Apt title, Janvs. Naming your band after the two-faced Roman deity is a good way to underscore the dual nature of your identity. In this case, it’s a fresh blend of black metal’s speedy ferocity with a more contemplative, emotional side. It might be too early to call these guys the Italian black metal Opeth, but there’s a lot here that recalls that band’s famous light/heavy interplay.

For most of the album, that duality is primarily expressed as you progress track by track. Opener “Torri de Vetro” is a slicing assault, but rendered with a bright, clean sound that emphasizes a unique melodic sensibility. This is not your typically eeevil Dark Funeral rehash or a cramped, mesmerizing drone – it’s an original, energetic take on the genre. In some ways, this – and “Mediterraneo,” which comes later – recall melodeath’s riff-oriented exuberance (with Finnish bands like Omnium Gatherum being the closest points of comparison). There are also a few gentle interludes in both tracks, but it’s not until we hit “Saphire” or the title track that the other side of Janvs’ identity is fully expressed.

These tracks unfold more like a blend between Agalloch and Anathema, featuring plaintive clean vocals set against soaring, sorrowful melodies. “Saphire” comes off a little jazzier and playful, but “Vega” is a swooning nocturne, full of delicate moments and big emotional peaks. Lead singer Matteo “Vinctor” Barelli has a rich, confident voice – equal parts Mikael Akerfeldt and Vincent Cavanagh (although parts of “Saphire” oddly reminded me of Perry Farrell as well). The fact that he delivers his vocals in Italian just makes them soar that much more. In an unconventional inverse, these mellow tracks feature short blasts of black metal at their cores, but I found these digressions to be more jarring than exciting.
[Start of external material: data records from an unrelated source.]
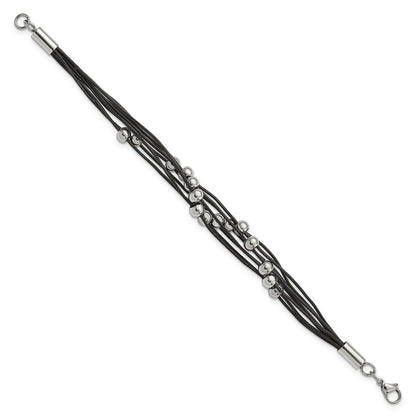 Stainless Steel Chisel Polished Beaded Multi-Strand Black Leather 8 Inch Bracelet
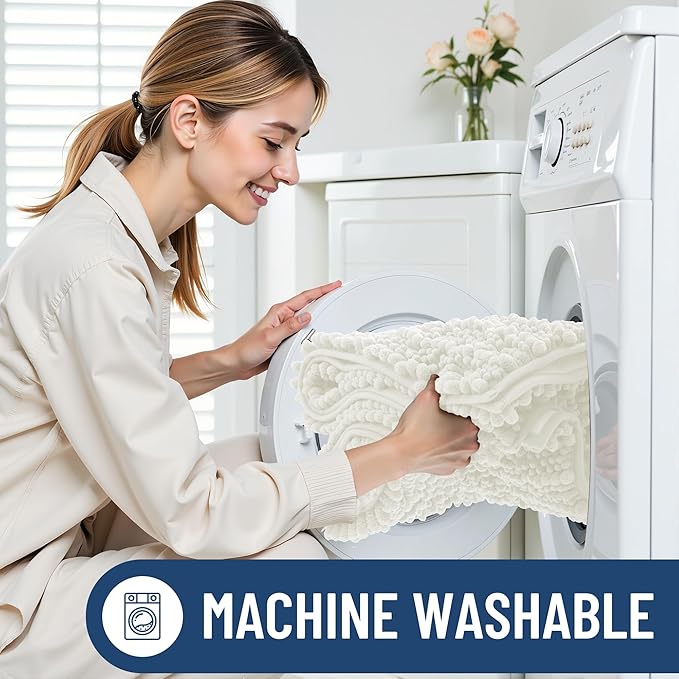 Smiry Bathroom Rugs 24X16, Extra Soft Rubber Backing Chenille Bath Mats | Ivory Machine Washable Non Slip Quick Dry Bath Mats for Bathroom Floor, Tub, Shower, Home Decor Accessories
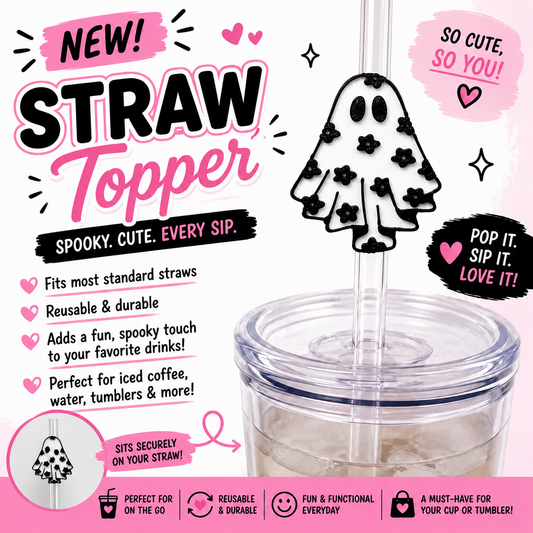 3-D Printed Ghost Straw Topper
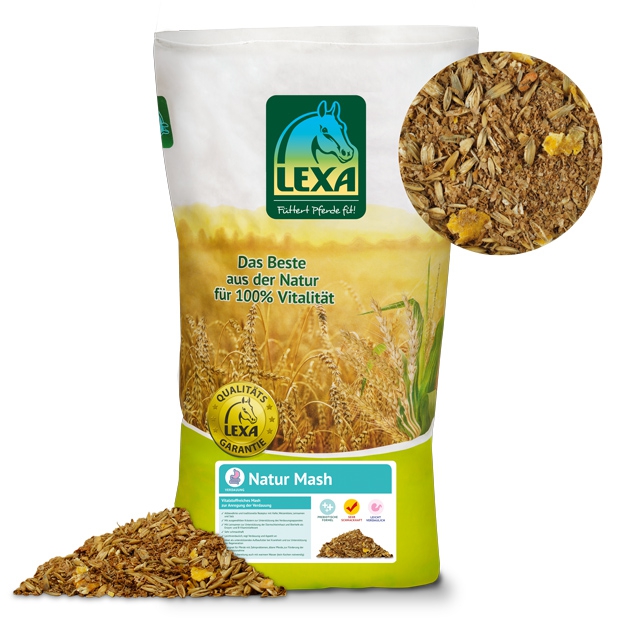 LEXA Natur Mash Pferdefutter LEXA Natur Mash, ein Futter für Pferde, verpackt in einer grünen Tüte mit gelbem Logo und einer Mischung aus getrockneten Zutaten.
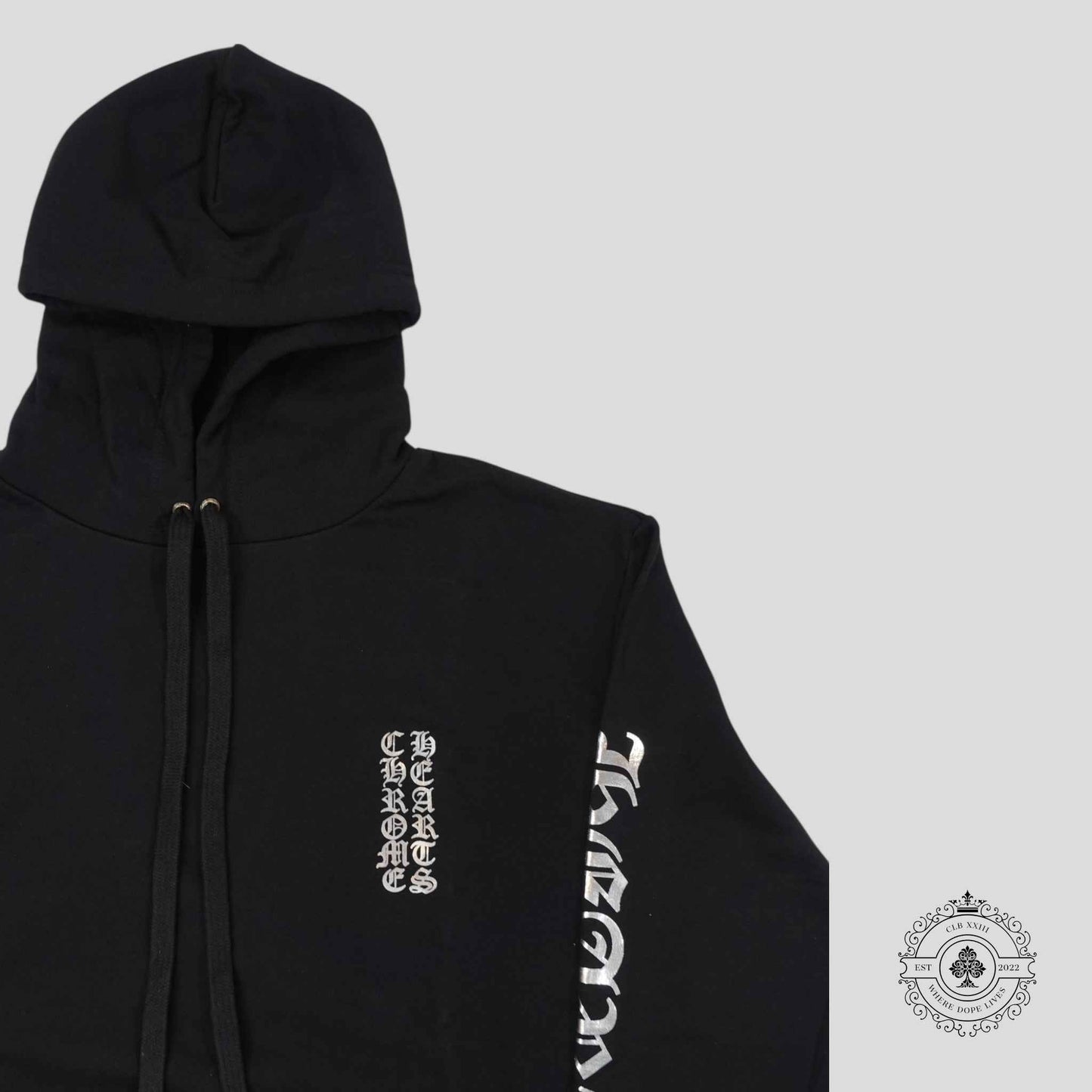 Chrome Hearts 1988 Vertical Logo Hoodie in Black/Silver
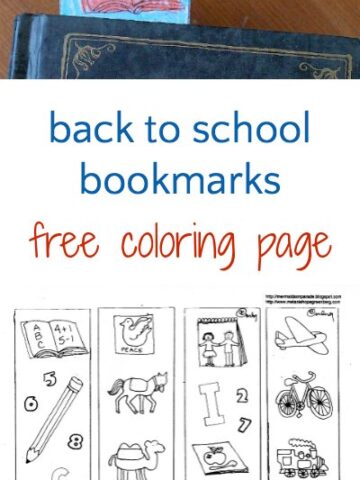 Back to school bookmarks coloring page. Free printable for kids.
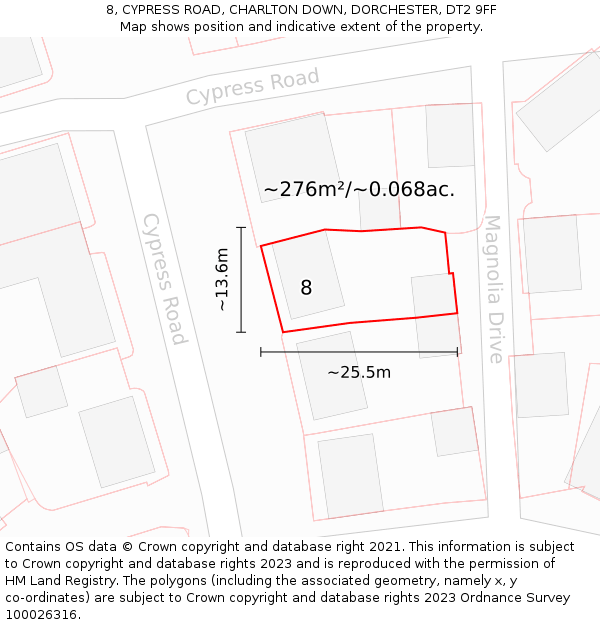 8, CYPRESS ROAD, CHARLTON DOWN, DORCHESTER, DT2 9FF: Plot and title map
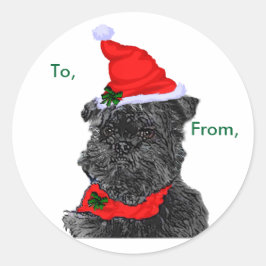 Adesivo Vinhetas de Pacote de Natal do Affenpinscher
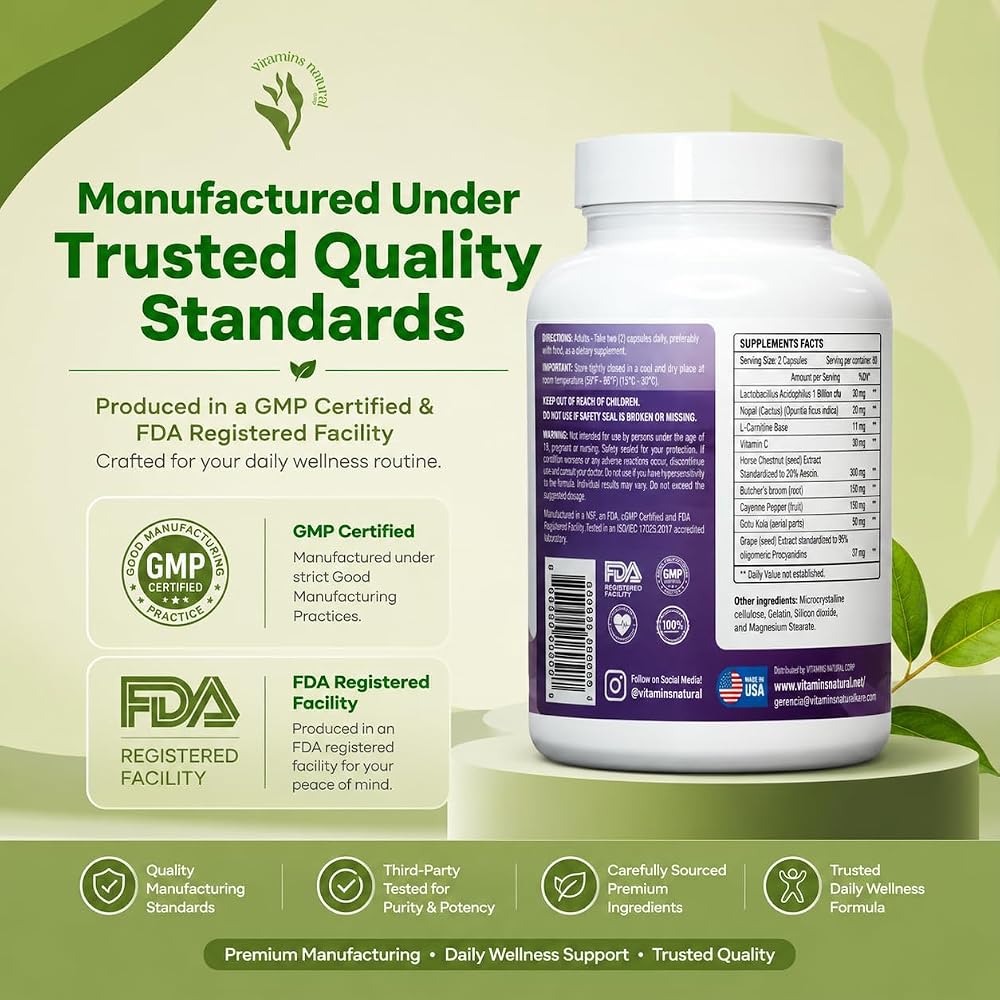 VITAMINS NATURAL CORP CircuVeins Leg and Vein Support - 60 Capsules - image 7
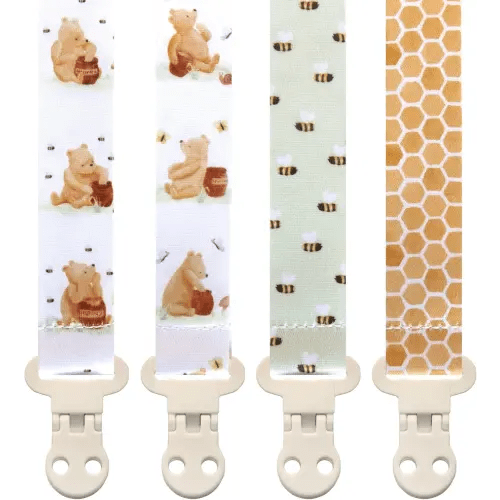 Stadela Baby Pacifier Clip Holder - Boy and Girl Unisex 4 Pack Gift Set – Vintage Classic Neutral Honey Winnie Bear and Bees Beige Yellow and Green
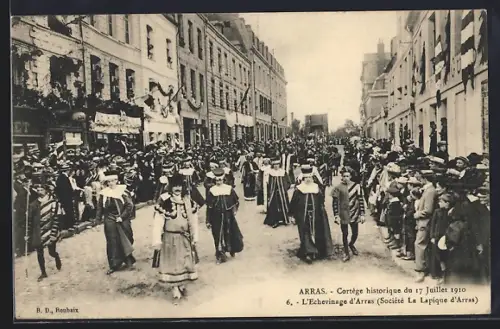AK Arras, Cortège historique du 17 Juillet 1910, L`Echevinage d`Arras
Only “Vesper II” brings both of Janvs’ halves – furious battery and gentler introspection – together, and it’s a stunning finale. In the future I think I’d prefer this kind of even-handed balance, and it’s this song in particular that really drives the Opeth comparison home.

(It does seem that Janvs also has a third identity trying to be heard, represented by track 3, “Tarab.” It’s an experimental piece of doom with an Arabic vibe, but it lacks the energy and flowing melodies of the other tracks, and just disrupts the album as a whole. No disrespect to the band, but I generally skip past it.)

Any fresh take on black metal is always extremely welcome, especially when executed with as much quality as Vega. In a lot of ways, Janvs reminds me of (now-defunct) Italian compatriots Spite Extreme Wing, a band that also fused a novel melodic expression onto a conventional black metal framework. Their final release, Vltra, is fantastic in its own right, but the stark uniformity of that album sometimes makes it a slog to get through. Vegas shifting moods, introspective moments and warmer melodies make it something I think I’ll be returning to more often. Strongly recommended.

[Visit the band's website]
Written by Jordan Itkowitz
February 13th, 2009


  1. Commented by: axiom

    Man, I gotta check this out. I thought Spite Extreme Wing’s latest was excellent also.

  2. Commented by: stiffy

    For a guy like me who doesn’t like a lot of Black, this rulz my face. I liked the last release by them just as much. Agalloch fans, this is a must. Great review, Jordan. You have been nailing some lately.

  3. Commented by: Belgarath

    Yeah, I really love this. Great review.